The Federal Reserve surprised investors due to the slashing rates by 50 basis points to a target range of 1.00% to 1.25% on Tuesday. It was two weeks ahead of a regularly scheduled policy meeting. In another sign of the United States currency’s weak bias, the yuan jumped to a six-week high of 6.9288 per dollar in the onshore market.
According to the CME Group’s FedWatch Tool, traders of interest rate futures were pricing a 55.7% probability of a further 25 basis point cut in April. The reduction of rate failed to arrest a sell-off in United States equities. Further reducing the appeal of the dollar, it sent a benchmark of 10-year Treasury yields crashing to a record low of 0.906%.
Late last year, the new coronavirus emerged in China. It claimed more than 3,000 lives and has spread to more than 60 countries. Factory closures and travel restrictions are aimed to halt the spread of the virus, raising the risk of a global recession.
On Tuesday, G7 finance ministers issued a statement. Following that, the sentiment also took a hit.
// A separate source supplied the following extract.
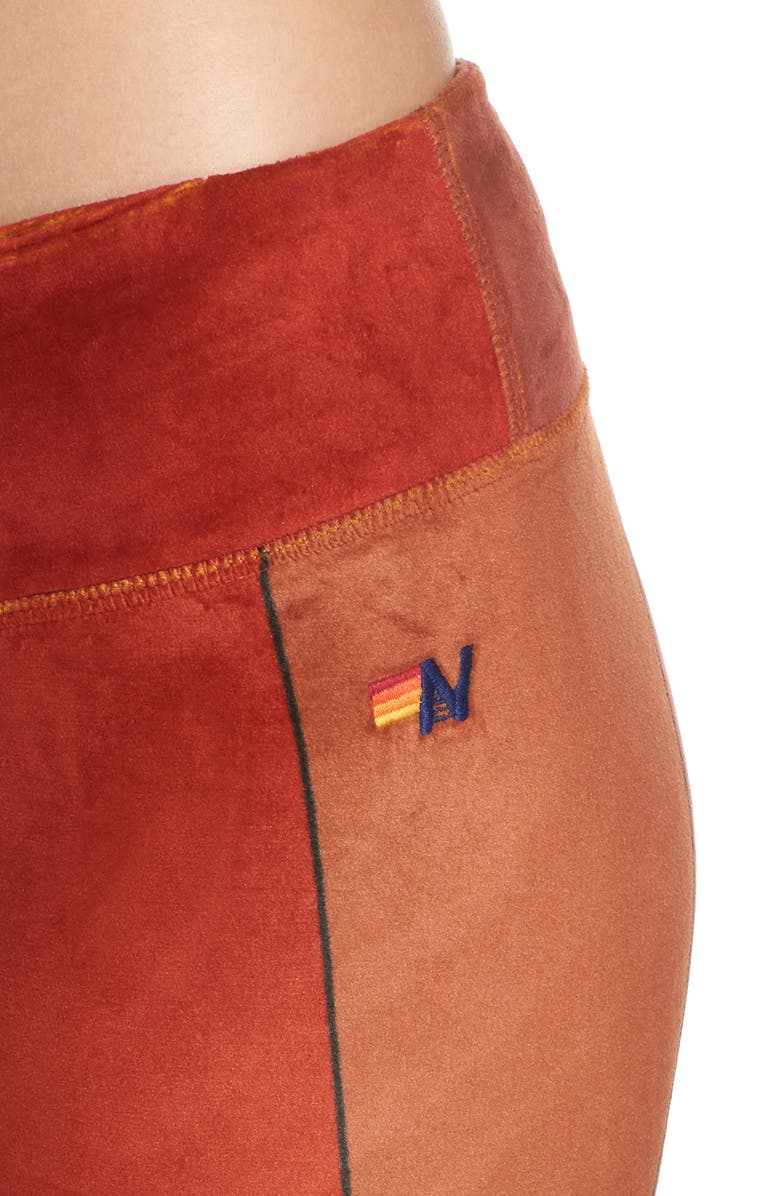 Aviator Nation Rainbow Sunburst Velour Leggings, Alternate, color,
The report stopped short of calling for new government spending or coordinated central bank interest rate cuts.
China’s services sector crumbled to its weakest on record in February; thus, the yuan shrugged off data. Nevertheless, grim numbers offered a sign of the economic impact of the spread of the flu-like virus. The Chinese data, due to the weakness, took some of the shine off the Aussie. Thus, the Australian dollar pared gains to trade to $0.6599. Australia’s economy is heavily dependent on its trade with China.
There was a broad-based selling in the United States dollar. It encouraged the euro bulls to buy the common currency aggressively. Close to a two-month high reached on Tuesday, the euro last traded at 87.07 pence. Holding onto modest gains from the previous session, the sterling bought $1.2819.